# what to do? HELP



## reddhead (May 23, 2009)

My spouse is a member of a site that rates you based on your looks. In order to get rated yourself you have to go in and rate other people. I was okay (not comfortable) with this as my husband has low self esteem and thought maybe this would help him with that. Well lately he has been clicking on the option of meeting these females. It has only been a few and all are states away. I told him that it was not okay for him to do that. That was not the purpose of him signing up for this. Since we have already had a history of him stepping out of the marriage that him doing that is not acceptable. Well he did it again and this time is a person that is just a few hours away. Regardless if that other person shows interest in him it is a slap in the face to me. With the things that he has done it almost seems to be a deal breaker at this point as it appears he is just waiting for another opportunity to pounce. Am I being oversensitive?


----------



## smiley (Jul 15, 2009)

reddhead said:


> My spouse is a member of a site that rates you based on your looks. In order to get rated yourself you have to go in and rate other people.

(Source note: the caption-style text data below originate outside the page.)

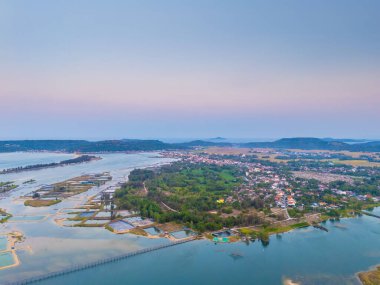 Ong Cop köprüsü ya da Vietnam 'ın Chi Thanh bölgesindeki en uzun tahta köprüsü, Phu Yen bölgesi, Vietnam. Seyahat ve manzara konsepti.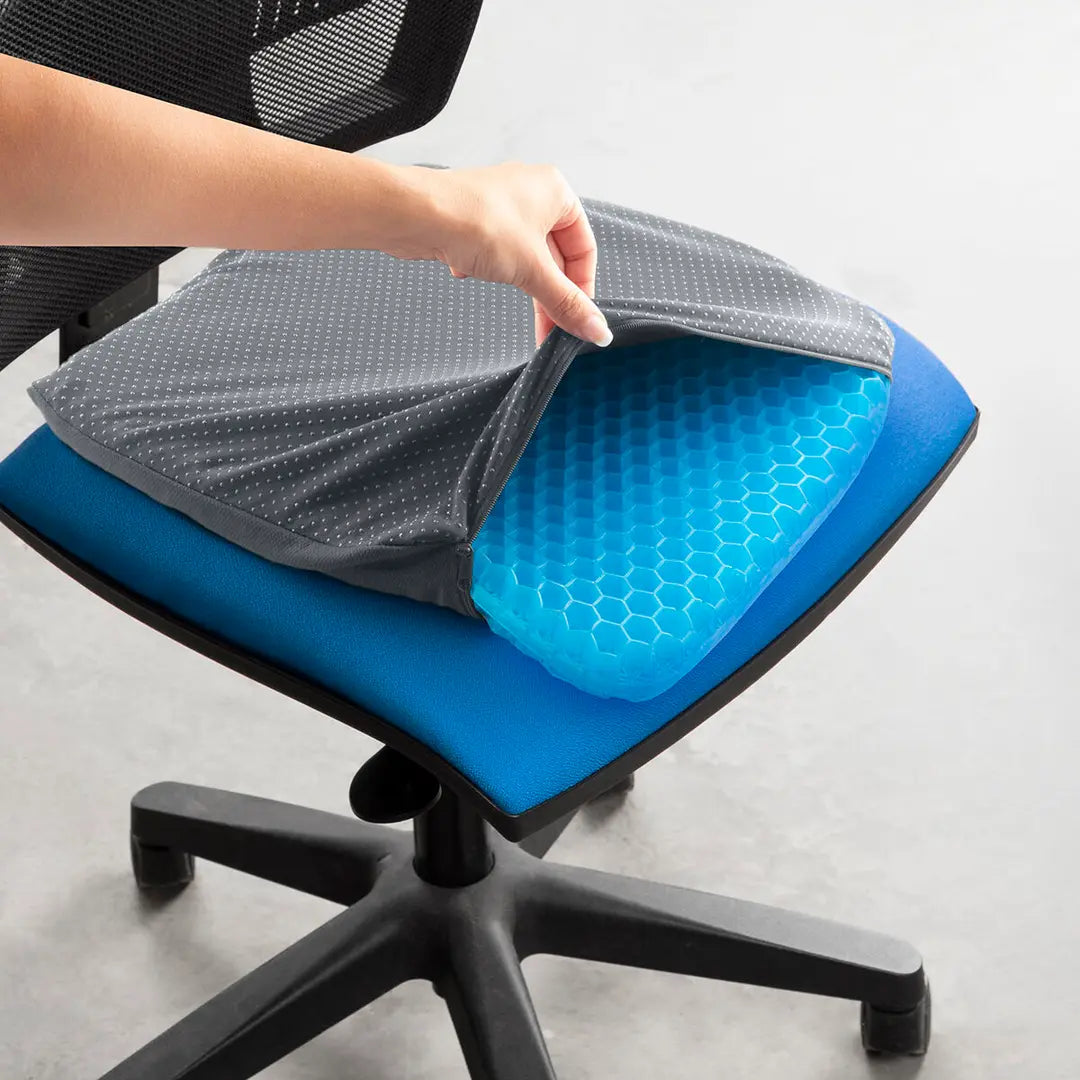 Gros plan de la structure alvéolée bleue du coussin HexaFresh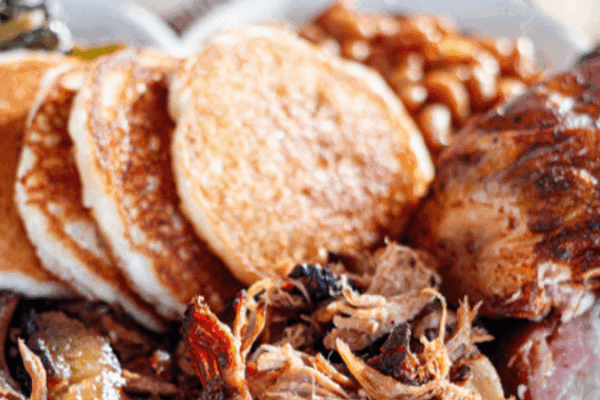 Come Hungry, Because Nobody Leaves Puckett’s in Franklin, Tennessee Without a Heaping Southern Plate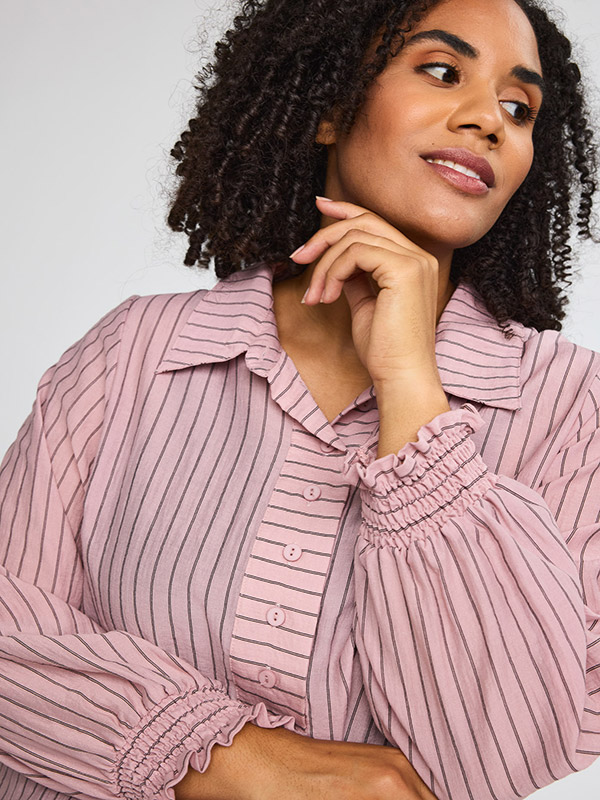 SAYLA - Plus Size Kjole fra Gozzip Black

I was okay (not comfortable) with this as my husband has low self esteem and thought maybe this would help him with that. Well lately he has been clicking on the option of meeting these females. It has only been a few and all are states away. I told him that it was not okay for him to do that. That was not the purpose of him signing up for this. Since we have already had a history of him stepping out of the marriage that him doing that is not acceptable. Well he did it again and this time is a person that is just a few hours away. Regardless if that other person shows interest in him it is a slap in the face to me. With the things that he has done it almost seems to be a deal breaker at this point as it appears he is just waiting for another opportunity to pounce. Am I being oversensitive?


No, not being oversensitive. Your husband wanted to join a website where other women rate his looks?........Okaaaaaay. That level of insecurity alone would be a big turn off for me. Sounds like he's in high school. Beyond that, he's a married man who's exploring the option of meeting other women who rate his looks on the internet. Do you even need to ask if that's appropriate? Unless you signed up for an "open marriage," I'd say ef that!


----------



## marriagehelp12 (Apr 8, 2009)

it amazes me sometimes what people will try and get away with.

like smiley said, Unless you signed up for an open marriage I'd tell him good luck with this bimbo three hours away and further if SHE is on this site what does that tell you??


----------



## WolfeMama (Jul 22, 2009)

your husband shouldn't need approval from other women. What you think of him should be enough. just something to think about


----------